Condominio

I poteri dell’amministratore: quando può stare in giudizio a nome del condominio

di Enrico Morello

Da tempo si discute sui limiti dei poteri dell'amministratore di condominio di agire in giudizio, in difesa dei diritti del condominio, senza prima aver ottenuto il parere favorevole della assemblea.
In proposito la Cassazione (sentenza 3044/2009) aveva già fissato molto chiaramente il seguente principio: l'amministratore di condominio ai sensi dell'art. 1131 c.c. ha rappresentanza processuale (e quindi non deve adire precedentemente l'assemblea) quando si tratti di azioni che non esulino dagli atti conservativi dei diritti inerenti alle parti comuni dell'edificio, rientranti tra le attribuzioni dell'amministratore ai sensi dell'art. 1130 c.c..
Nel caso specifico esaminato in quella occasione dalla Corte, in virtù di tale principio si era infatti ritenuto che l'amministratore potesse agire in giudizio (come effettivamente aveva fatto) senza previo parere dell'assemblea in quanto l'azione proposta era relativa allo stato di godimento della cosa comune e non importava una possibile disposizione della stessa, «non trattandosi né di azione petitoria in senso stretto, né di di actio negatoria servitutis.».
In sostanza l'amministratore può agire in giudizio per tutelare il miglior utilizzo del diritto condominiale, ma non può viceversa non richiedere il parere vincolante dell'assemblea quando si tratti di giudizi nei quali la stessa esistenza di questo diritto è posta in discussione.
Identico principio di diritto è stato ribadito molto più recentemente dalla cassazione con sentenza 23890/2016, ove è stata giudicata corretta l'iniziativa processuale intrapresa, senza preventivo parere dell'assemblea, dall'amministratore richiedendo al tribunale la condanna alla rimozione di un manufatto posto da un singolo condomino sulle parti comuni.
In questo caso, la Corte ha osservato come trattandosi di instaurare un giudizio per la rimozione delle opere «la previa delibera autorizzativa ad litem da parte dell'assemblea condominiale non era necessaria» in quanto tale atto “è diretto alla conservazione dei diritti inerenti alle parti comuni dell'edifico.
A questo punto dovrebbero essere ancora più chiari i limiti, secondo la Cassazione, entro i quali l'amministratore può “muoversi” in giudizio, sia come parte (il condominio, ndr) attrice che come parte convenuta, di propria iniziativa e senza prima adire apposita assemblea.
Con altra sentenza molto recente (decisione n.° 16260/2016), nel circoscrivere ancor più chiaramente il proprio orientamento, la Suprema corte aveva (si trattava di un opposizione a decreto ingiuntivo proposta dall'amministratore nei confronti di un decreto di condanna verso il condominio a pagare una determinata somma) precisato che «è corretto …sostenere che l'amministratore di condominio può proporre opposizione a decreto ingiuntivo, e altresì impugnare la relativa decisione del giudice di primo grado, senza necessità di autorizzazione o ratifica dell'assemblea, nelle controversie aventi ad oggetto il pagamento preteso nei confronti del condominio dal terzo creditore in adempimento di obbligazione assunta dal medesimo amministratore nell'esercizio delle sue attribuzioni in rappresentanza dei partecipanti, ovvero dando esecuzione a deliberazione dell'assemblea o erogando le spese occorrenti per la manutenzione delle parti comuni o per l'esercizio dei servizi condominiali, e quindi nei limi di cui all'art.1130 c.c.».
Del resto, come ben ricordato dalla Cassazione nella sentenza da ultimo citata, l'amministratore non è titolare di una legittimazione ex lege passiva illimitata nei confronti del condominio dal quale riceve mandato.
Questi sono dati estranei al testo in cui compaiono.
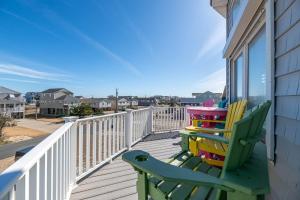 a deck with two colorful chairs on a house at Key to Paradise - Kitty Hawk MP 4, Pool, Hot Tub, Excellent Ocean View, Easy Beach Access in Kitty Hawk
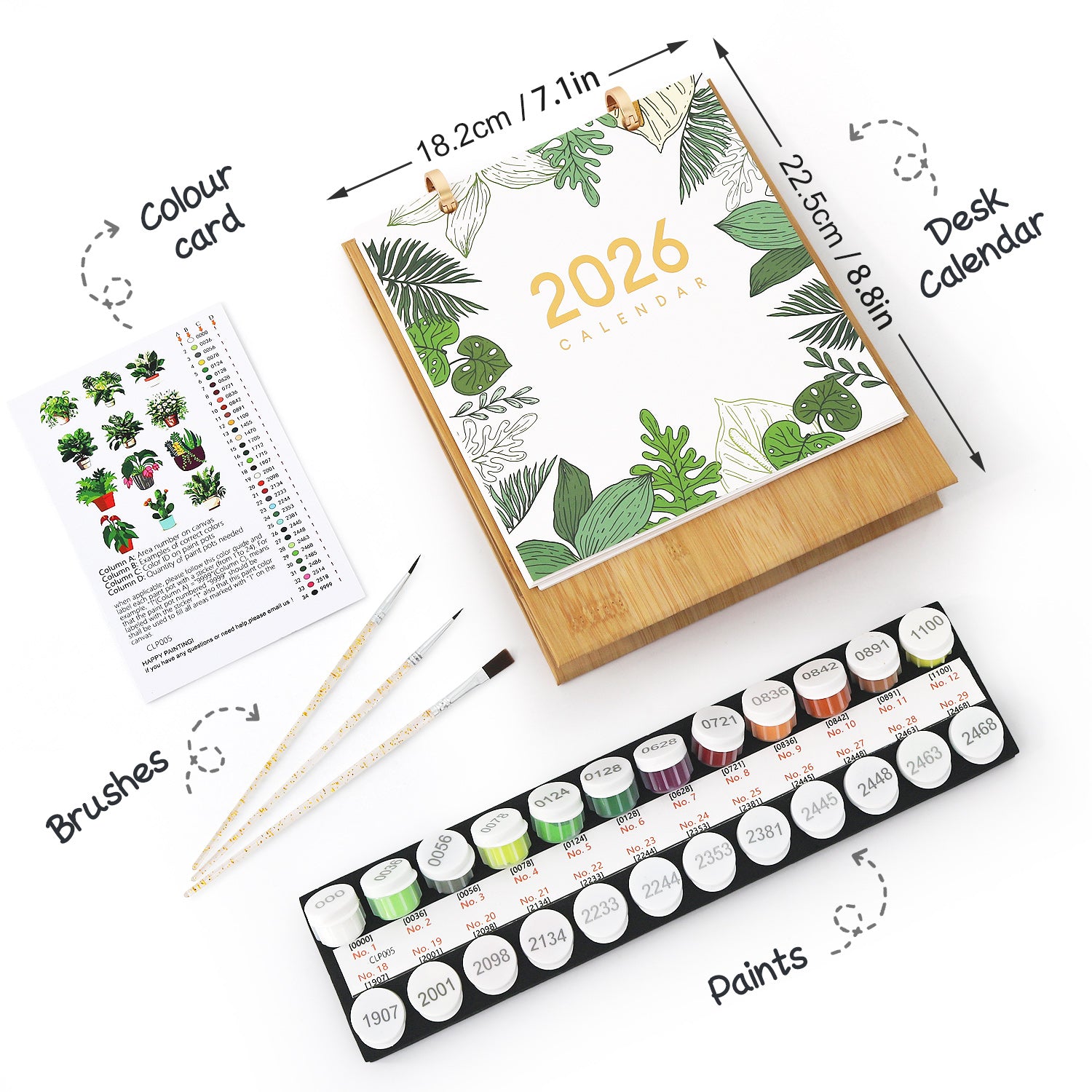 Calendario 2026 con juego de pintura, pinceles y tarjeta de color sobre un fondo blanco.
Il che significa che egli potrà agire in giudizio senza delega assembleare solo ed esclusivamente nei limiti delle sue attribuzioni così come delimitate dall'art. 1130 c.c.
Per completezza, si ricorda anche come la previsione di cui all'art. 1131 c.c. (che riguarda la possibilità di convenire in giudizio il solo amministratore per qualunque azione concernente le parti comuni dell'edificio), viceversa, ha lo scopo di facilitare i terzi nell'evocazione in giudizio del condominio, consentendo loro di notificare al solo amministratore l'atto di citazione. L'amministratore, una volta ricevuto tale atto, necessiterà della autorizzazione (o della ratifica assemblare) per la costituzione in giudizio solo per quanto riguarda le cause che esorbitano dalla sue attribuzioni ai sensi dell'art. 1131 c.c. commi 2 e 3.